Shares of the company jumped 2.5 percent to $26.62 at 10:12 a.m., compared with a 0.8 percent increase in the 88-company Standard & Poor’s 500 Financials Index. Excluding accounting adjustments, fourth-quarter earnings were 43 cents a share, beating the 32-cent average estimate of analysts surveyed by Bloomberg.
Chief Executive Officer James Gorman, 57, is emphasizing cost-cutting as the firm struggles to achieve profitability targets. He’s also attempting to strike the right balance in Morgan Stanley’s bond-trading business amid the industry’s years-long slide in revenue. The firm said last month that it was taking a $150 million severance charge as it pared its fixed-income trading business.

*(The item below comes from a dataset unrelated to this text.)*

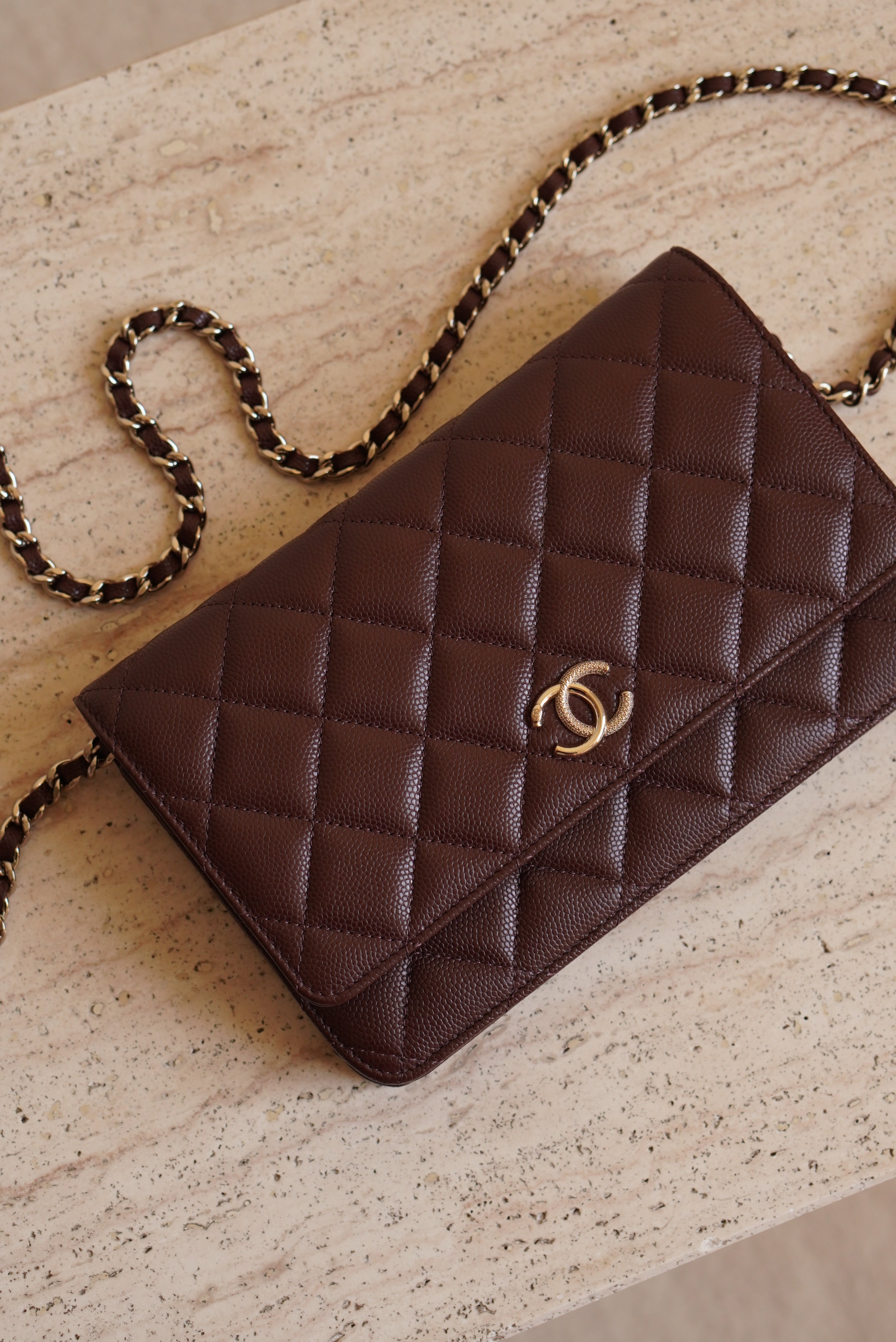 CHANEL 25K WALLET ON CHAIN | BROWN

The cuts affected 1,200 employees, including about a quarter of its fixed-income trading staff, a person briefed on the matter said.

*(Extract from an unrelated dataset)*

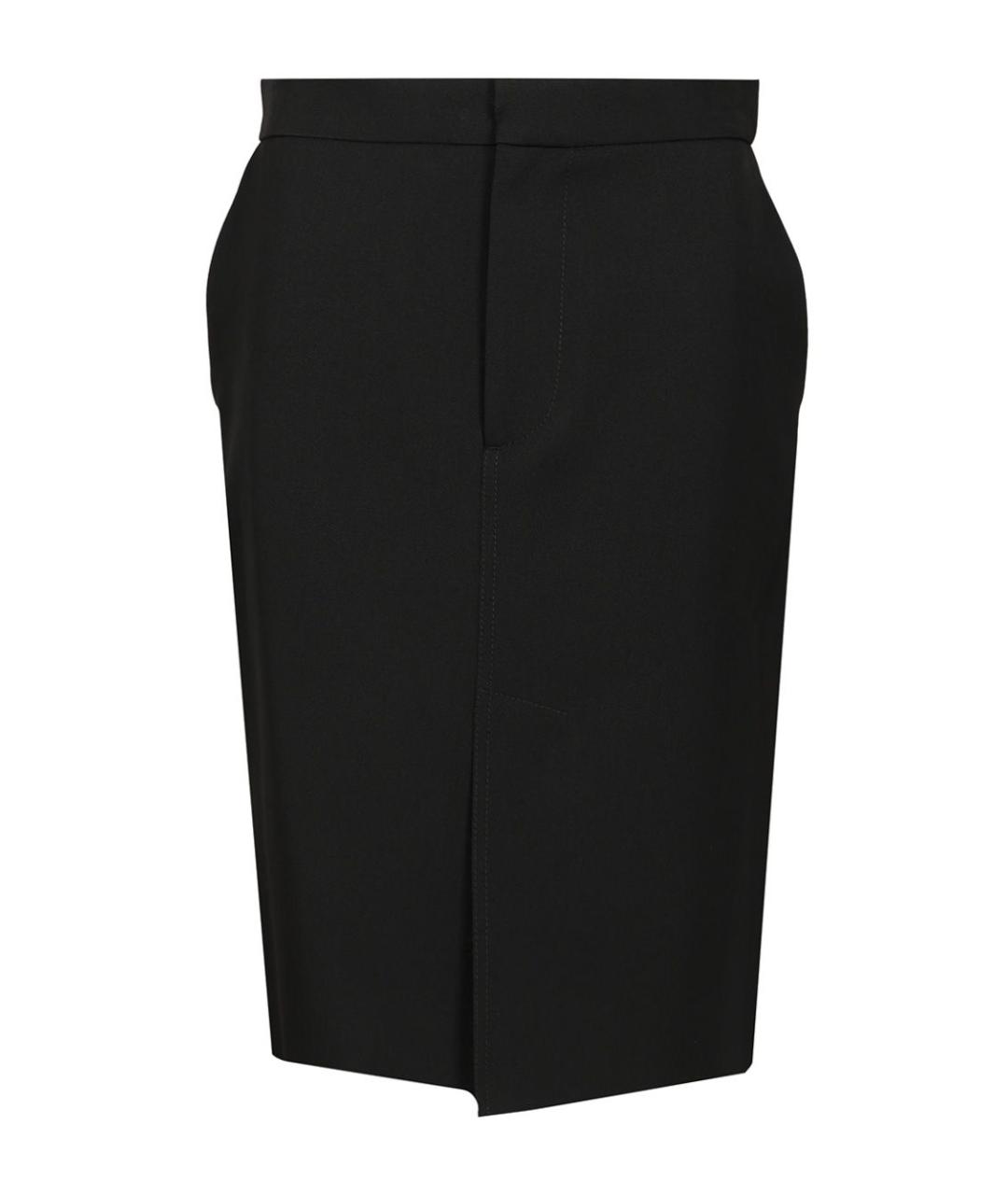 BOTTEGA VENETA Черная шерстяная юбка миди, фото 1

“A strong overall performance in the first half of the year was impacted by difficult market conditions in the second half that dampened trading activity,” Gorman said in a statement. “In the fourth quarter, we took action to meaningfully restructure our fixed-income business on a capital and expense basis.”
The firm set a target for return on equity of 9 percent to 11 percent for 2017, compared with Gorman’s longstanding goal of at least 10 percent. Last year’s ROE was 7.8 percent, excluding accounting adjustments.
“We still have a target ROE of 10 percent or higher,” Chief Financial Officer Jonathan Pruzan said in an interview. “We did put for the first time a timeline on that, and we did put a range in light of just the volatile and uncertain times that we live in.”
Morgan Stanley could achieve its target in part by cutting expenses: The firm announced a new efficiency plan, “Project Streamline,” which should reduce at least $1 billion in costs by 2017, assuming flat revenue, according to a presentation that accompanied the earnings statement. The firm promised to consolidate processes and real estate and lean more heavily on outsourcing.
Fourth-quarter net income was $908 million, or 39 cents a share, compared with a loss of $1.6 billion, or 91 cents, a year earlier, when the firm booked costs tied to settling mortgage-related matters, the New York-based company said.
Excluding accounting charges, revenue climbed 5.3 percent to $7.9 billion, exceeding the $7.67 billion estimate of 20 analysts surveyed by Bloomberg. Costs fell across the company. Non-compensation expenses plunged to $2.6 billion from $5.6 billion a year earlier, when the bank had a $3.1 billion litigation charge. Expenses for employee pay shrank to $3.7 billion from $5.1 billion, even including the severance costs.
Equities-trading revenue rose to $1.8 billion from $1.6 billion, higher than all four estimates by analysts surveyed by Bloomberg. Results were driven by strength in cash equities and prime brokerage, Pruzan said. Advisory revenue rose 5.7 percent to $516 million on higher mergers activity. Income in the wealth-management division increased 4.3 percent to $768 million as compensation costs declined.
Fixed-income trading revenue fell 8.2 percent to $550 million in the fourth quarter, excluding one-time items, a steeper drop than many analysts had estimated and the second-lowest since the financial crisis. David Konrad, an analyst at Macquarie Securities USA Inc., had projected revenue of $580 million and Matt Burnell of Wells Fargo & Co. estimated $607 million. The firm said Tuesday that it had failed to meet objectives in the bond division.
The bank last week named Sam Kellie-Smith, who helped Morgan Stanley become Wall Street’s top equities-trading shop by revenue, to revamp fixed income -- a capital-intensive area that several rivals have been retreating from in the face of tougher rules. Kellie-Smith is the sixth manager to take on that challenge in the past seven years.
Colm Kelleher, 58, was promoted to president earlier this month, adding oversight of the retail brokerage in addition to investment banking and trading. That prompted the exit of Greg Fleming, 52, who led the brokerage.